Segundo o relatório, perfis que antes postavam em inglês ou alemão passaram anos inativos até que, repentinamente, começaram a postar conteúdo de emissoras oficiais do estado chinês.

O CIR compartilhou sua pesquisa com as plataformas de mídia social envolvidas.

O Facebook removeu as contas de sua plataforma destacadas no estudo.

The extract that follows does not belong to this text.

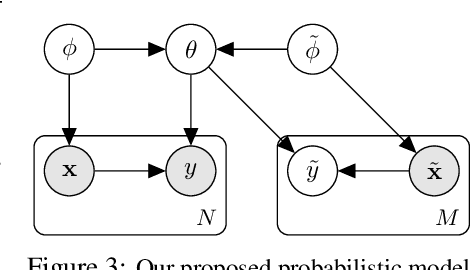 Figure 4 for Training on Test Data with Bayesian Adaptation for Covariate Shift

"Em setembro de 2019, removemos uma rede de atividade de spam que postava conteúdo político sensacionalista e falso. Essa rede quase não tinha envolvimento em nossa plataforma e continuamos a trabalhar com pesquisadores e colegas do setor para detectar e bloquear suas tentativas de voltar à rede, como as contas mencionadas neste relatório", afirmou um porta-voz do Facebook.

O YouTube também encerrou contas na rede por violar as diretrizes da comunidade da plataforma.

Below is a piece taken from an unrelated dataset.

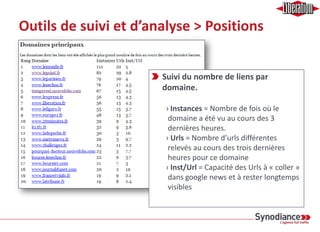 Outils de suivi et d’analyse > Positions
Outil maison pour suivre le nbre de liens et leur positionnement moyen
dans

O Twitter disse que também removeu quase todas as contas identificadas pelo CIR, bem como várias outras que adotaram comportamento semelhante. A plataforma disse que ainda investiga o caso.

Análise – Kerry Allen, analista de mídia da BBC Monitoring China

Na última década, bilhões de dólares foram gastos para financiar o crescimento da presença da China em plataformas internacionais de rede social.

Mas com Facebook, Twitter e YouTube bloqueados no país, e acessíveis apenas por VPN, a China tem lutado para que essas plataformas sejam reconhecidas como concorrentes viáveis ??dos gigantes ocidentais. Elas precisaram não apenas de vozes chinesas, mas de vozes estrangeiras, para mostrar que o país "chegou".

A "diplomacia do guerreiro lobo" surgiu com funcionários usando contas do Twitter para hastear a bandeira da retórica do Partido Comunista. A China quer se apresentar como um amigo para o mundo – e não um estado repressivo e autoritário, como ela acredita que as nações ocidentais enxergam o país.

Com mais de um bilhão de usuários da Internet, a China certamente tem a capacidade de orquestrar campanhas de mídia social em grande escala e direcionar o que considera vozes anti-China com uma riqueza de opiniões opostas.

Mas com o domínio da língua inglesa limitado na China, muitas vezes há indícios de que algum troll chinês está por trás de relatos falsos. Muitos contam com software de tradução automática para transformar mensagens chinesas em inglês, o que significa que essas mensagens estão repletas de erros de digitação ou contêm estruturas gramaticais desajeitadas.

E com muitas plataformas ocidentais inacessíveis na China, os usuários geralmente têm muito pouco conhecimento de quem são os alvos, então eles simplesmente pegam carona nas respostas de outros dentro da mesma rede.